«Aveva i titoli», primario dopo vent’anni

Siamo di fronte non a un caso di «negligenza ma ad una deliberata ac prava voluntas dell'apparato amministrativo», una persecuzione bella e buona in cui a un medico che aveva tutte le caratteristiche per dirigere un reparto è stato impedito di andare ad occupare la carica cui ambiva. Ecco le motivazioni della sentenza con cui il Tar della Lombardia ha messo fine dopo quasi vent’anni al braccio di ferro per la direzione di uno dei reparti più delicati del Policlinico di Milano. Si tratta del reparto di chirurgia d’urgenza: ma la giustizia, verrebbe da dire, non è stato altrettanto urgente.
E, come era inevitabile, una sentenza che arriva dopo quattro lustri non può fare altro che consolare in qualche modo i protagonisti. Angelo Salvini, il primario discriminato, ormai è in pensione. Aveva chiesto 750mila euro di risarcimento, il Tar ha rinviato ad una perizia la quantificazione del danno subito. Ma la sentenza - firmata dal presidente del tribunale amministrativo Piermaria Piacentini - ha parole severe per il comportamento con cui chi doveva decidere - cioè i vertici del Policlinico e dell’Università - impedì a lungo a Salvini di ottenere la guida del reparto: «nonostante avesse a disposizione un docente di prima fascia dell'inquadramento professionale esattamente corrispondente alla funzione apicale vacante nella divisione di Chirurgia d'urgenza dell'Ospedale Maggiore di Milano, ha preferito caparbiamente affidarla a soggetti non provvisti dell’idonea professionalità pur di non attribuirla al ricorrente, persistendo in tale atteggiamento per un lungo periodo di tempo». Da questa ostinazione, secondo il ricorso che Salvini aveva avanzato al Tar, derivarono conseguenze d’ogni genere: «Il demansionamento gli avrebbe provocato un grave danno professionale (che si concretizza in una molteplicità di aspetti: danno all'immagine e alla reputazione, al decoro, al prestigio, al proprio livello di autostima), oltre che una vera e propria apatia professionale, derivante dal disagio psico-fisico e dalla frustrazione».

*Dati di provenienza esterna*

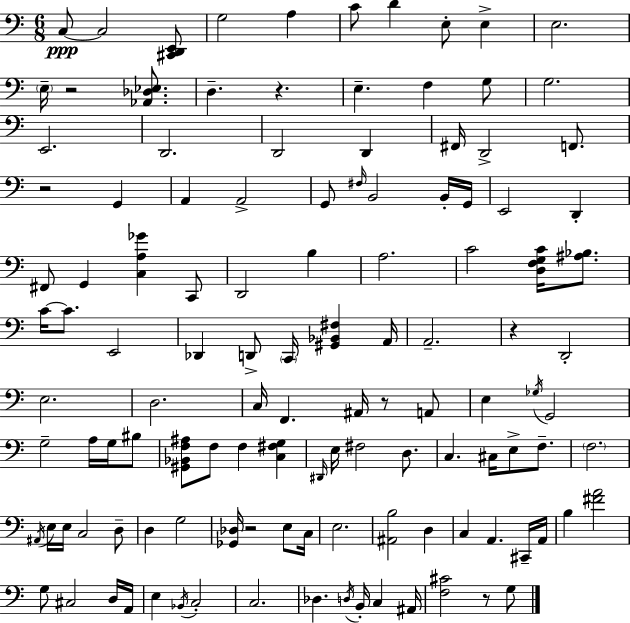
C3/e C3/h [C#2,D2,E2]/e G3/h A3/q C4/e D4/q E3/e E3/q E3/h. E3/s R/h [Ab2,Db3,Eb3]/e. D3/q. R/q. E3/q. F3/q G3/e G3/h. E2/h. D2/h. D2/h D2/q F#2/s D2/h F2/e. R/h G2/q A2/q A2/h G2/e F#3/s B2/h B2/s G2/s E2/h D2/q F#2/e G2/q [C3,A3,Gb4]/q C2/e D2/h B3/q A3/h. C4/h [D3,F3,G3,C4]/s [A#3,Bb3]/e. C4/s C4/e. E2/h Db2/q D2/e C2/s [G#2,Bb2,F#3]/q A2/s A2/h. R/q D2/h E3/h. D3/h. C3/s F2/q. A#2/s R/e A2/e E3/q Gb3/s G2/h G3/h A3/s G3/s BIS3/e [G#2,Bb2,F3,A#3]/e F3/e F3/q [C3,F#3,G3]/q D#2/s E3/s F#3/h D3/e. C3/q. C#3/s E3/e F3/e. F3/h. A#2/s E3/s E3/s C3/h D3/e D3/q G3/h [Gb2,Db3]/s R/h E3/e C3/s E3/h. [A#2,B3]/h D3/q C3/q A2/q. C#2/s A2/s B3/q [F#4,A4]/h G3/e C#3/h D3/s A2/s E3/q Bb2/s C3/h C3/h. Db3/q. D3/s B2/s C3/q A#2/s [F3,C#4]/h R/e G3/e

Ma come è possibile che si sia arrivati ad una sentenza solo a quasi vent’anni dai fatti? Lo scorrere dei fatti è surreale. Salvini arriva in reparto nel 1989, l’anno successivo chiede di andare a occupare la poltrona di primario, che è vacante da tempo. In aprile l’Università gli rifiuta la nomina sostenendo che l’intero management dell’ospedale sta per essere riformato, invece in dicembre nomina un altro primario. Salvini fa ricorso, il Consiglio di Stato impiega sette anni a dargli ragione, l’Università ci mette quasi due anni a dare esecuzione alla sentenza. Ma l’Ospedale si rifiuta di eseguire le decisioni della facoltà, e intanto siamo arrivati all’agosto del 2000. Salvini ricorre di nuovo al Consiglio di Stato, e arriva l’ordine definitivo: la poltrona deve andare a lui. A dicembre 2001, si insedia in via Francesco Sforza. Peccato che intanto gli anni siano passati. Meno di due anni dopo, Salvini va in pensione.


Ma il primario non molla: io avevo diritto, dice, ad essere il primario fin dall’inizio della faccenda, fin dal 1990. Presenta un nuovo ricorso. E alla fine di agosto, il Tar gli dà ragione. Sono passati diciannove anni.